Der Sommer hat sich längst verabschiedet, und ein wunderbar farbiger, leuchtender Herbst mit frostigen Nächten und erstem Schnee hat begonnen. Dies schien das unausgesprochene Motto einer vielseitigen Freien Lesung des Landsberger Autorenkreises gewesen zu sein. Prosa und Lyrik, Ernstes und Heiteres trugen die neun Autoren in durch Los gezogener Reihenfolge vor.

Dramatik und Lyrik mischten sich gekonnt in Klaus Wuchners Gedicht von einer erlebten Flugzeuglandung im Nebel. Anschließend blickte Paul Wendland aus Hohenfurch auf einen farbenfrohen Sommer in seiner Jugend im Weichselland zurück, Kornblumen und Roter Mohn ließen ihn in Erinnerungen schwelgen. Lore Kienzl, Bildhauerin und Lyrikerin aus dem Fuchstal, führte mit zwei kurzen Gedichten über Musik und Kunst bis zum Olymp und wurde mit einem launigen, gereimten Kommentar von Max Dietz wieder auf den Erdboden zurückgeholt. Ernst wurde es mit den eindrucksvollen Erinnerungen von Claire Guinin. Sie schilderte ihre Kindheit in München während der Bombennächte, ihre gefahrvolle Schulzeit und die vielen Ängste, die sie in dieser Zeit ausstand.
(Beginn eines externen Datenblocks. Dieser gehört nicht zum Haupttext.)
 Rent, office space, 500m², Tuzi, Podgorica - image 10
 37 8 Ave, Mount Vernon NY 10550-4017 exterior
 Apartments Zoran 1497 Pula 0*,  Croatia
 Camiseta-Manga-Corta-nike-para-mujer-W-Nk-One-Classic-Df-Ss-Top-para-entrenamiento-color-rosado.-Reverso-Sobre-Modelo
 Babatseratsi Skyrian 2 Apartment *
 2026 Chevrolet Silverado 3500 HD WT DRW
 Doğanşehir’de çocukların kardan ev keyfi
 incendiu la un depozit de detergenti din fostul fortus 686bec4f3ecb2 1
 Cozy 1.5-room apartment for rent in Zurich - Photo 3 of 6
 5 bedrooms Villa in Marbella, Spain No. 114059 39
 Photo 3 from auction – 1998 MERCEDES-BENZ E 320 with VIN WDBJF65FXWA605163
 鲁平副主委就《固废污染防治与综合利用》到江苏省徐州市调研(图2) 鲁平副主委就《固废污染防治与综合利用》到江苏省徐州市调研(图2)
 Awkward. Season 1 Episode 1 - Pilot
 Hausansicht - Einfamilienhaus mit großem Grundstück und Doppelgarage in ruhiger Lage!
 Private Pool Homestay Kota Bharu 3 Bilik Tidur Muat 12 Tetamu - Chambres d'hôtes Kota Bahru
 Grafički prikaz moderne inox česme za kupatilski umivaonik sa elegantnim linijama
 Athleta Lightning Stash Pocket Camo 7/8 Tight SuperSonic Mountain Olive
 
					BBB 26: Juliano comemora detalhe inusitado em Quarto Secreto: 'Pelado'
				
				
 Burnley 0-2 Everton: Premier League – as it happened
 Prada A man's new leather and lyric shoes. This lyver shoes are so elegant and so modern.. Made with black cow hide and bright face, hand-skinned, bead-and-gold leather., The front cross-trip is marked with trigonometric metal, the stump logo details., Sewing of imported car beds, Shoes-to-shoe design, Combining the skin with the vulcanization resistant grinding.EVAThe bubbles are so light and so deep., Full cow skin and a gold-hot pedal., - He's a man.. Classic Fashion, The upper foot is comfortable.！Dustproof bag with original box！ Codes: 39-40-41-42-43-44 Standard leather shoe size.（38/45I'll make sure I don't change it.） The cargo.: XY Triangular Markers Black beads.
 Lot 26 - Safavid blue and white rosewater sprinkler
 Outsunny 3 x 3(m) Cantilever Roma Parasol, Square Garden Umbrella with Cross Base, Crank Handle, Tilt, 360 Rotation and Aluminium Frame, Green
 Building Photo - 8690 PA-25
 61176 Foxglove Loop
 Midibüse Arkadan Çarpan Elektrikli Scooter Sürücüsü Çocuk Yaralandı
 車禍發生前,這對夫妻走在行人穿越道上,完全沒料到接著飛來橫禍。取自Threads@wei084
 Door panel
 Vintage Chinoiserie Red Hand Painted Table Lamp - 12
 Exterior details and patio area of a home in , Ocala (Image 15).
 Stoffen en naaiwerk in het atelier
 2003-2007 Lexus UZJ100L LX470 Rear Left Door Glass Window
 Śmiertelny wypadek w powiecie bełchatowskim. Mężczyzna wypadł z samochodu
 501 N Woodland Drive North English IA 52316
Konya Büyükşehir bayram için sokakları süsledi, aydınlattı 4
Boris Schneider aus Buchloe erzählte die dramatische Geschichte eines kleinen Mädchens, das in der überfüllten U-Bahn sein erstes und heißgeliebtes Haustier, eine kleine weiße Maus, aus einem Käfig in der Menschenmenge verliert.


Neu im Kreis stellte sich die Siebenbürgerin Anne Kremer mit stimmungsvollen Gedichten über ihre „alte Heimat“ vor. Carmen Kraus widmete dem Herbst wunderbar lyrische, leise Gedichte, und Gerwin Degmair aus Utting befand in sehr pfiffigen Reimen, dass unter vielen Süchten die Liebessucht die heiterste sein könne. Zum Schluss las Helmut Glatz ein Märchen, das sich letztlich als fantasievoll veränderte Mär vom „Hans im Glück“ herausstellte.


Die Freien Lesungen sind, wie Moderator Glatz feststellte, Kernstück und Höhepunkt im Veranstaltungsjahr des Autorenkreises. Und so wie das bunte Herbstlaub zeigten sich auch die Beiträge der Autoren in bunter, lebendiger Vielfalt. Wie anregend dieser Abend war, lässt sich auch daran erkennen, dass ans Heimgehen so schnell keiner dachte.